**SUPPLIED MATERIAL**
════
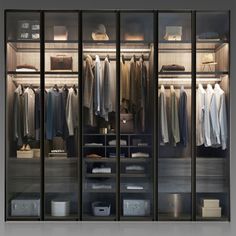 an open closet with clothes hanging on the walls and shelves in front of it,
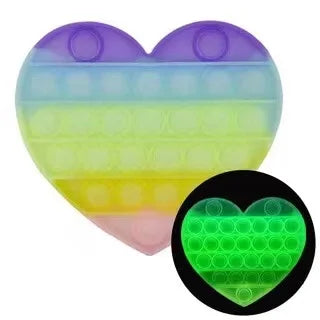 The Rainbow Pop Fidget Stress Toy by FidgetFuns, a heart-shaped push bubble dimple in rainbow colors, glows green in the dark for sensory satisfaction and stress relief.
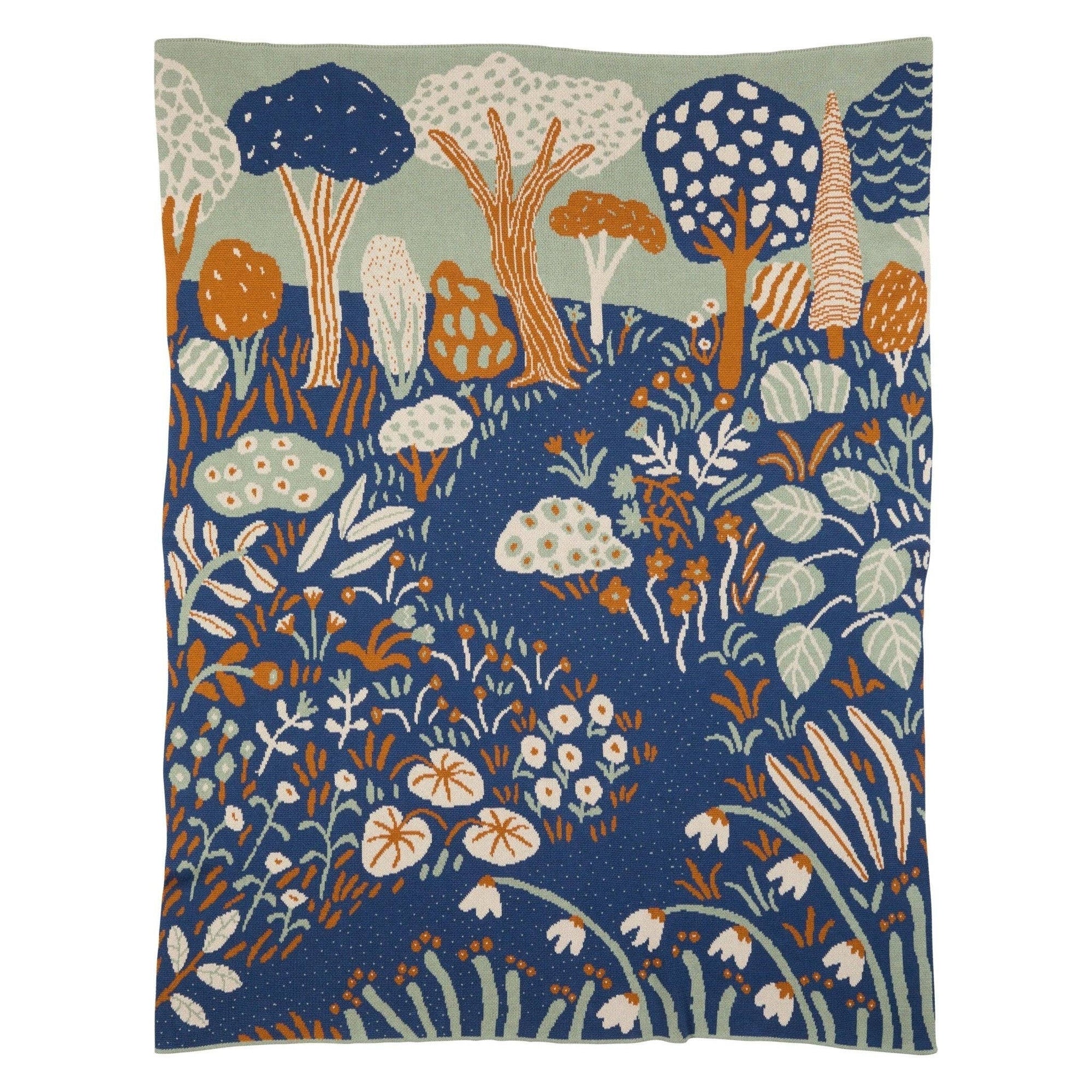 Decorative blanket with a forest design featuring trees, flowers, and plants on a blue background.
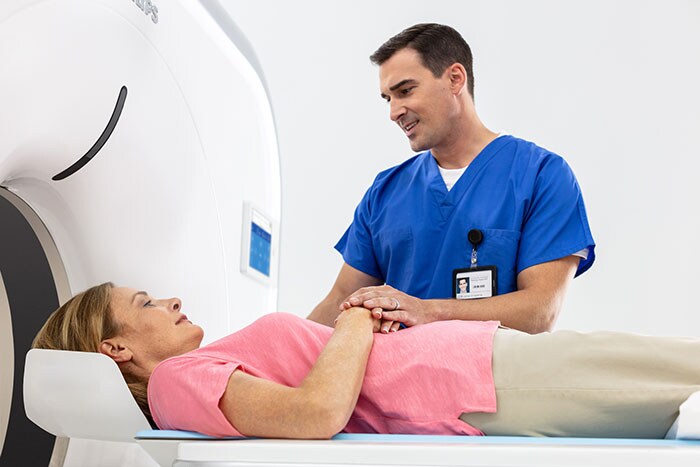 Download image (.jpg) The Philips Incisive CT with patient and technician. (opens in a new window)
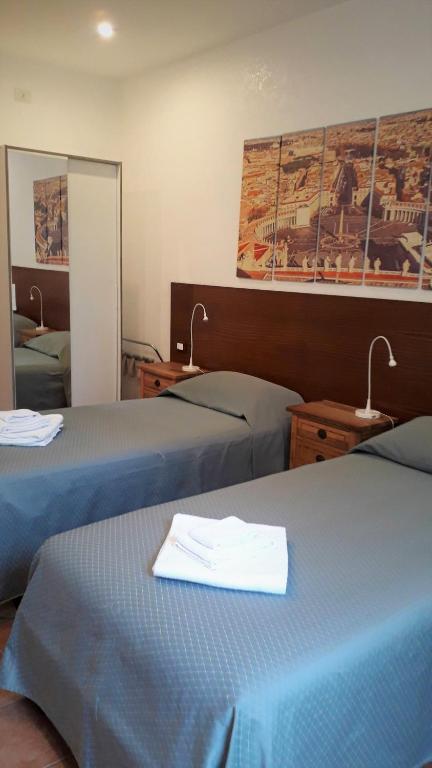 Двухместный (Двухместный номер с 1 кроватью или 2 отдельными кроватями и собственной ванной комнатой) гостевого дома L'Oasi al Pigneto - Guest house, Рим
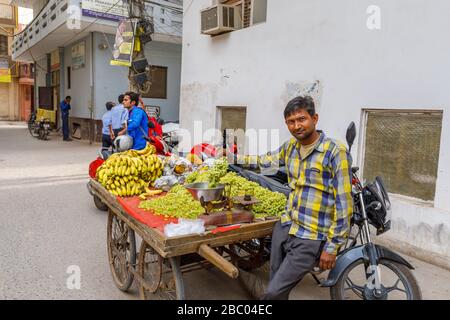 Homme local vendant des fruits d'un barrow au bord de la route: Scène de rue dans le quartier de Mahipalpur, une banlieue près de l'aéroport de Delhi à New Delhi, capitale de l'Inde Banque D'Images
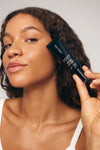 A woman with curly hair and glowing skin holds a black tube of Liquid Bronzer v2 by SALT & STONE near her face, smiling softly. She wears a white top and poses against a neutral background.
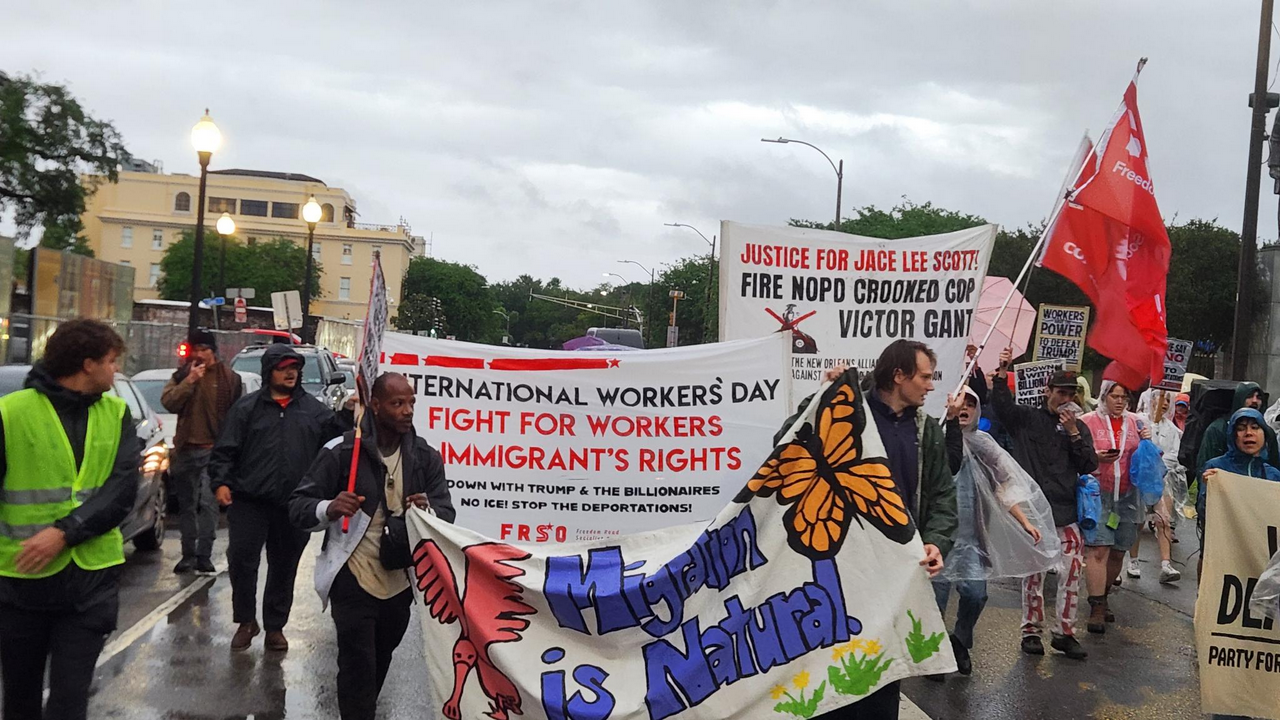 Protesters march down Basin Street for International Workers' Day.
════
**THE TASK**
The lines from the one containing "Homme local vendant" through the final line of the data are to be repeated exactly, with both ends included and all pictures left out.

**SOLUTION TO THIS EXERCISE**
 Homme local vendant des fruits d'un barrow au bord de la route: Scène de rue dans le quartier de Mahipalpur, une banlieue près de l'aéroport de Delhi à New Delhi, capitale de l'Inde Banque D'Images
 A woman with curly hair and glowing skin holds a black tube of Liquid Bronzer v2 by SALT & STONE near her face, smiling softly. She wears a white top and poses against a neutral background.
 Protesters march down Basin Street for International Workers' Day.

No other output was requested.